Perceptive historians recognize that great powers go through a cycle of growth, stability, maturity and decline. Where is America in this cycle? Will we learn from the lessons of history?
The German philosopher Hegel (1770-1831) knew that just because men and women learned about the past, that didn’t mean they’d make better decisions about the future. He once cynically commented, “What experience and history teach us is this—that people and governments never have learned anything from history, or acted on principles deduced from it.”

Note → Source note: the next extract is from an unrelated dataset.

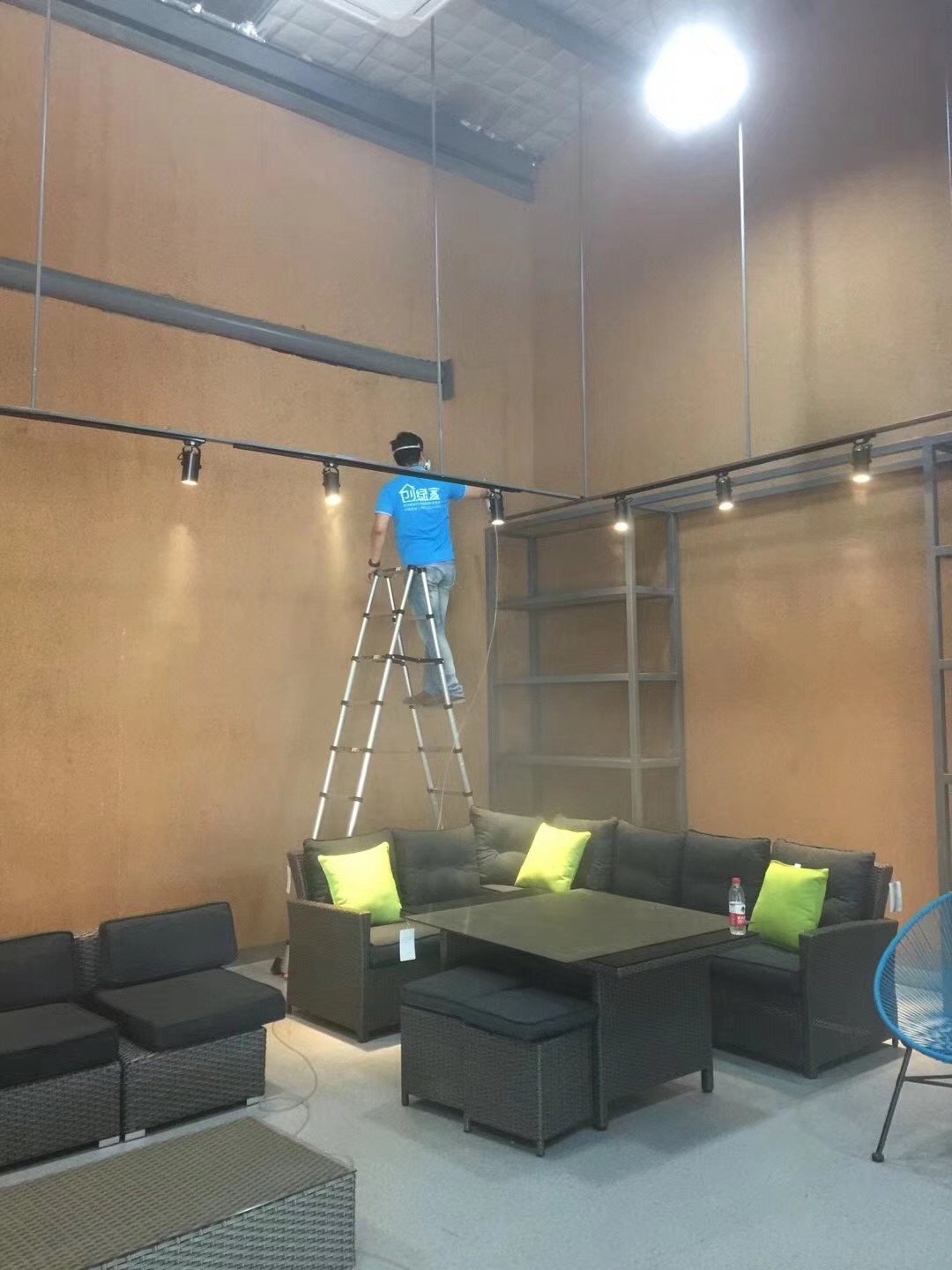 樂(lè)富設(shè)計(jì)園在一個(gè)loft創(chuàng)意產(chǎn)業(yè)園中，2760多方的一個(gè)大項(xiàng)目歷經(jīng)創(chuàng)綠家兩組工程師兩天兩夜的治理，典型loft式的裝修異味大大降低。樂(lè)富設(shè)計(jì)園的治理源于創(chuàng)綠家曾經(jīng)為泰普森旗下一家子公司甲醛治理，治理完畢效果非常好，所以泰普森集團(tuán)二次選擇我們治理。創(chuàng)綠家，值得您信任！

For years after the collapse of the Soviet Union in 1991, America seemingly towered over the world as a great giant—economically, culturally and militarily. But now for nearly a decade since the terrorist attacks of Sept. 11, 2001, its armed services have clashed with the forces of Islamic extremism and terrorism in Afghanistan, Iraq and elsewhere in the world.
If that weren’t bad enough, the worldwide economic crisis has laid the country low with high unemployment, an immense federal government deficit, rising inflation and depressed home values. Other challenges loom ahead, flowing from the European Union’s growing political and economic integration, Russia’s increased strength and assertiveness, and China’s rapid economic, industrial and military growth.
Will America follow the path of past empires?
Clearly America’s present lone-superpower status is being increasingly challenged. Could it be lost completely? While it clings to a general preeminence right now, could America still decline and fall?
Didn’t that happen to other great empires in the past, such as those of Britain, Spain, Rome, Persia, Babylon and Egypt? Is America’ s future more secure than theirs was?
Does the pattern apply to America today? Has the United States entered this cycle’s ending stages? If so, shouldn’t Americans critically examine the current state of their culture to see what could be done to prevent the same grim fate?
By knowing history better, we can better project our likely national futures. As the great British Prime Minister and noted historian Winston Churchill observed, “The farther backward you can look, the farther forward you are likely to see.”